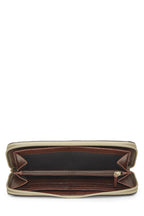 Fendi,  Brown Zucchino Coated Canvas Zip Around Wallet, Brown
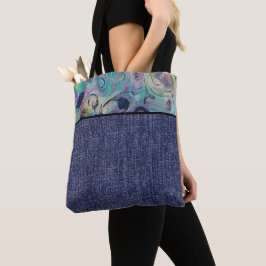 Bolsa Tote Enxertos púrpura e azuis e denim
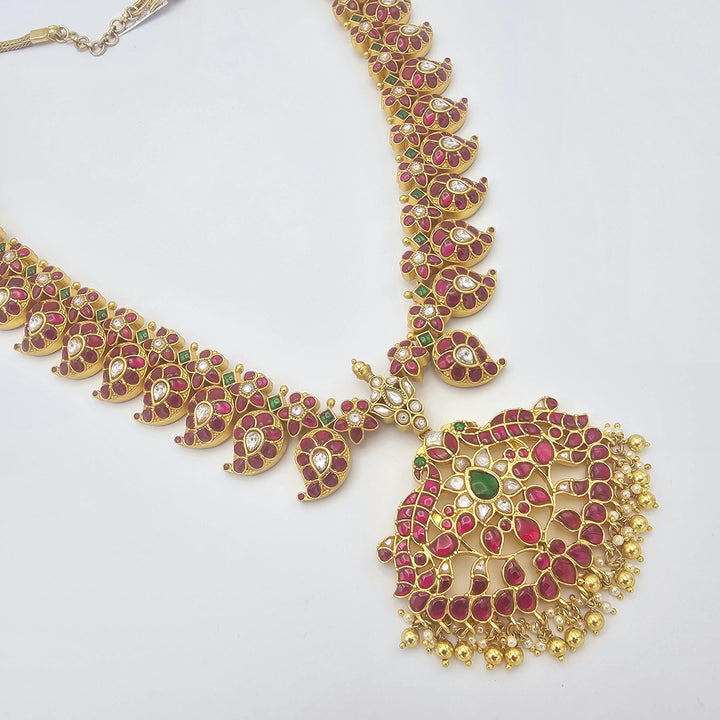 Kundan Silver Mango Mala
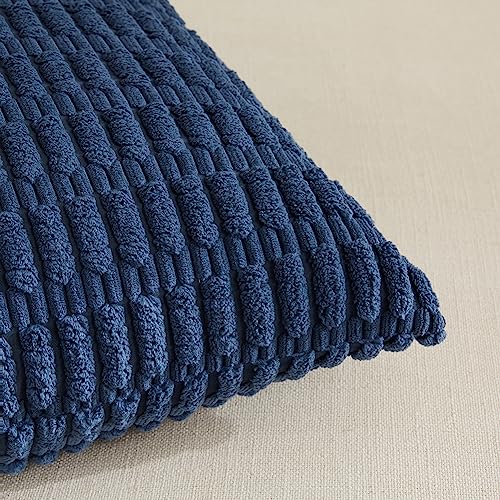Fancy Homi Dusty Blue Lumbar Decorative Throw Pillow Covers 12x24 Inch for Living Room Couch Bed Sofa, Rustic Farmhouse Boho Home Decor, Soft Striped Corduroy Rectangle Cushion Case 30x60 cm - color: Dusty Blue, size: 24" x 12" (Pack of 1)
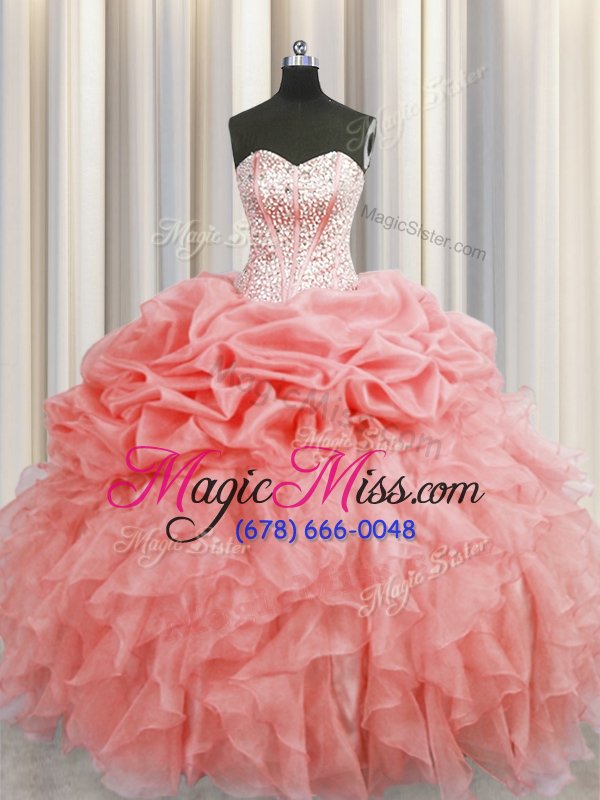 wholesale on sale pick ups visible boning floor length ball gowns sleeveless watermelon red sweet 16 dress lace up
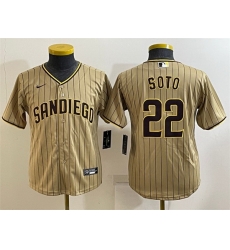 Women San Diego Padres 22 Juan Soto Brown Cool Base Stitched Baseball Jersey Women San Diego Padres 22 Juan Soto Brown Cool Base Stitched Baseball Jersey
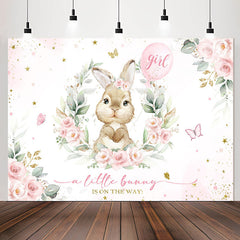 Lofaris A Little Bunny Girl Pink Floral Baby Shower Backdrop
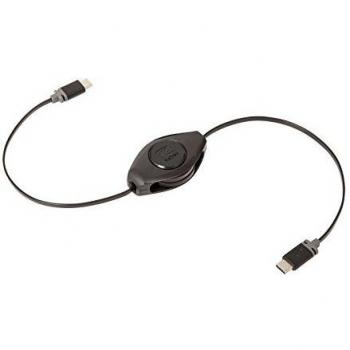 Cable Retráctil USB-C a USB-C 12,5 cm - 105 cm Negro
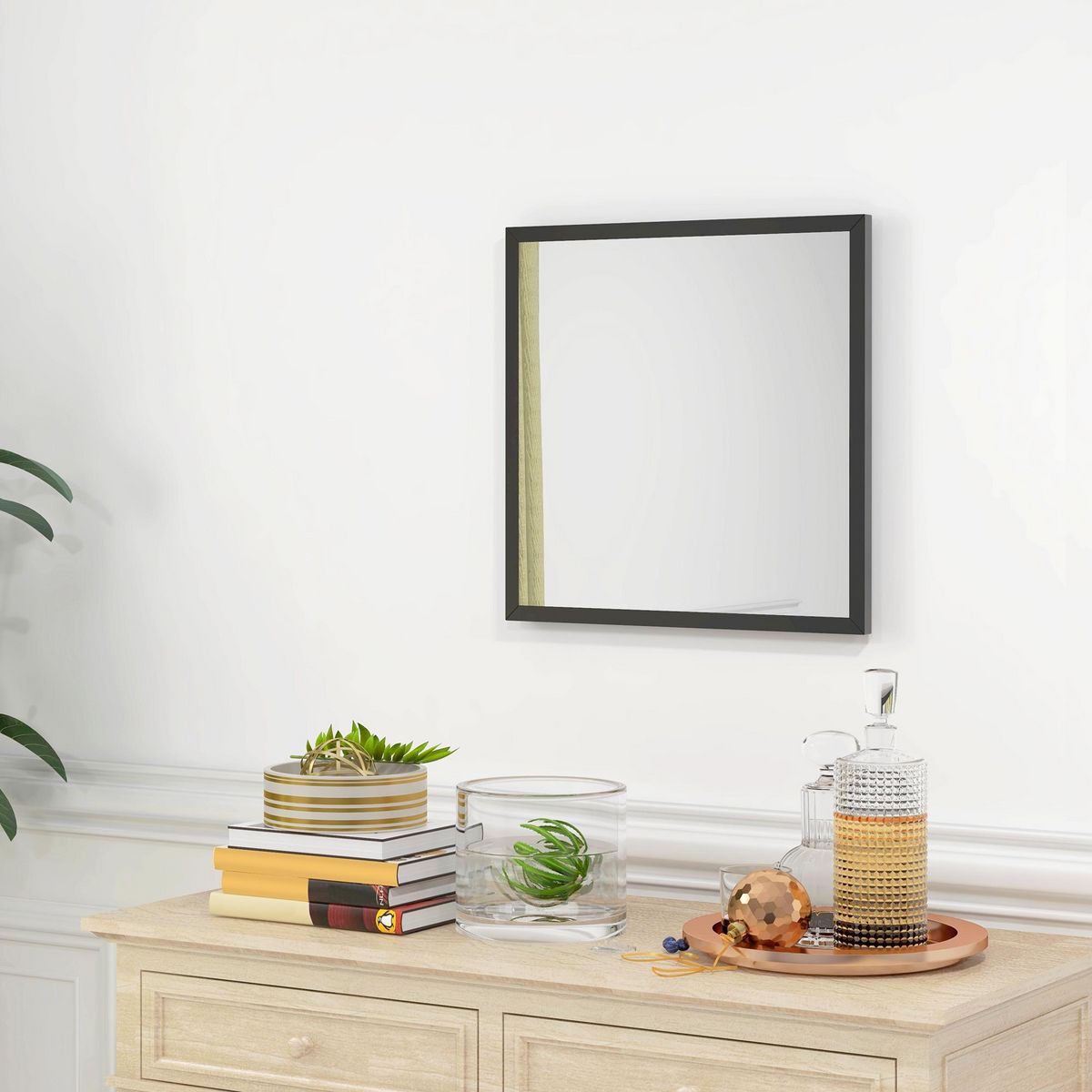 HOMCOM Miroir mural carré dim. 50L x 50H cm cadre bois noir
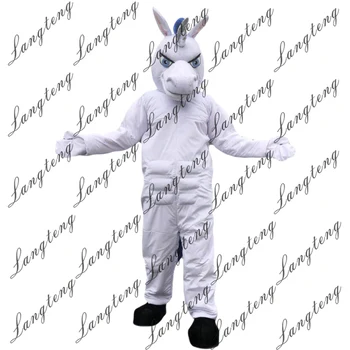 

Hot Sale White Unicorn Horse Mascot Costume Adult Size Halloween Outfit Fancy Dress Suit Free Shipping 2019New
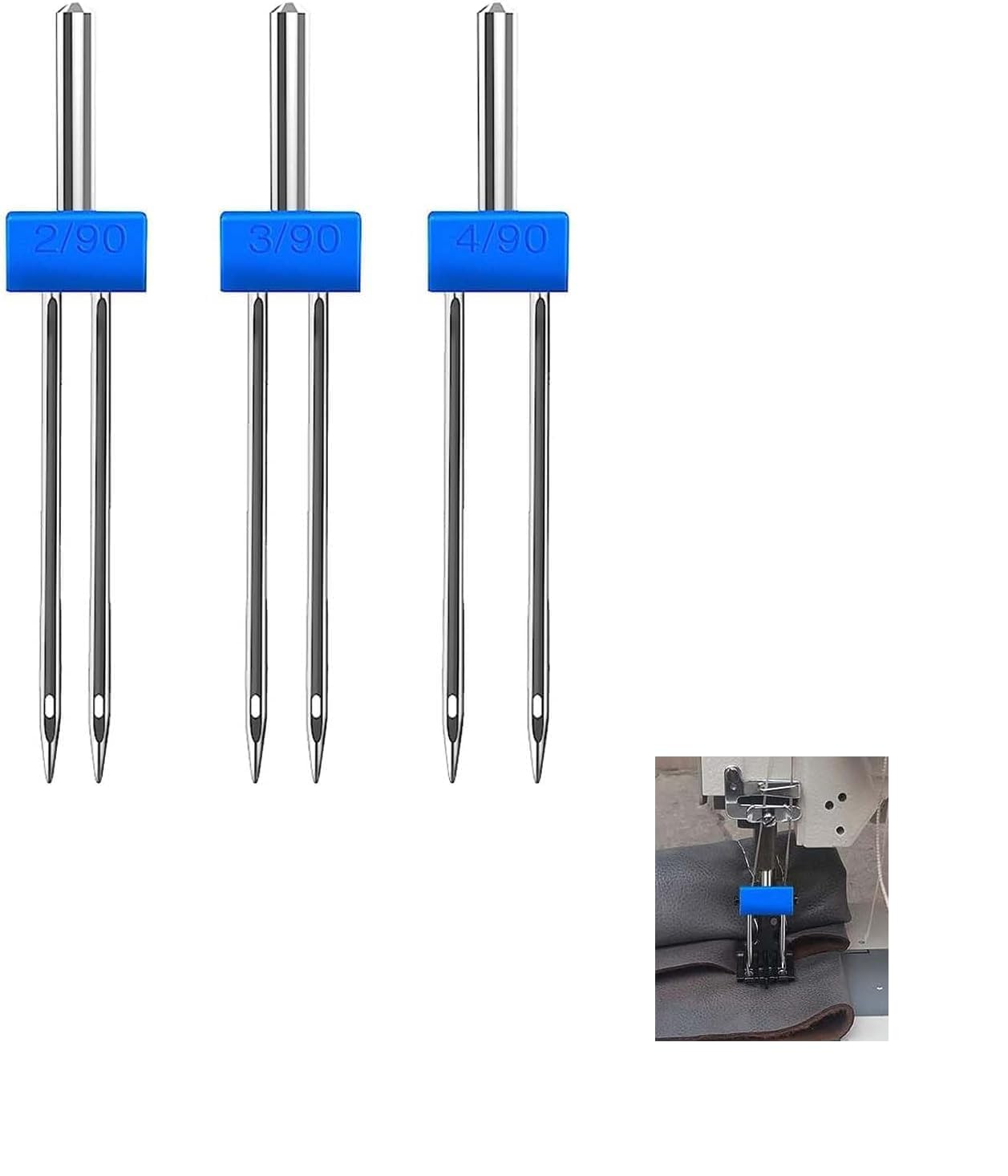 3 Size Sewing Machine Twin Needles Double Twin Stretch Needles Pins for Household Sewing Machine,3 Sizes Mixed 2.0/90, 3.0/90, 4.0/90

++++

> Work task
Your answer is the exact run of lines above from the one with "Bolsa Tote Enxertos púrpura e azuis e denim" through the one with "Baseball Jersey Women", both ends included, minus any picture.

> Task result
 Bolsa Tote Enxertos púrpura e azuis e denim
 Kundan Silver Mango Mala
Fancy Homi Dusty Blue Lumbar Decorative Throw Pillow Covers 12x24 Inch for Living Room Couch Bed Sofa, Rustic Farmhouse Boho Home Decor, Soft Striped Corduroy Rectangle Cushion Case 30x60 cm - color: Dusty Blue, size: 24" x 12" (Pack of 1)
 wholesale on sale pick ups visible boning floor length ball gowns sleeveless watermelon red sweet 16 dress lace up
 Women San Diego Padres 22 Juan Soto Brown Cool Base Stitched Baseball Jersey Women San Diego Padres 22 Juan Soto Brown Cool Base Stitched Baseball Jersey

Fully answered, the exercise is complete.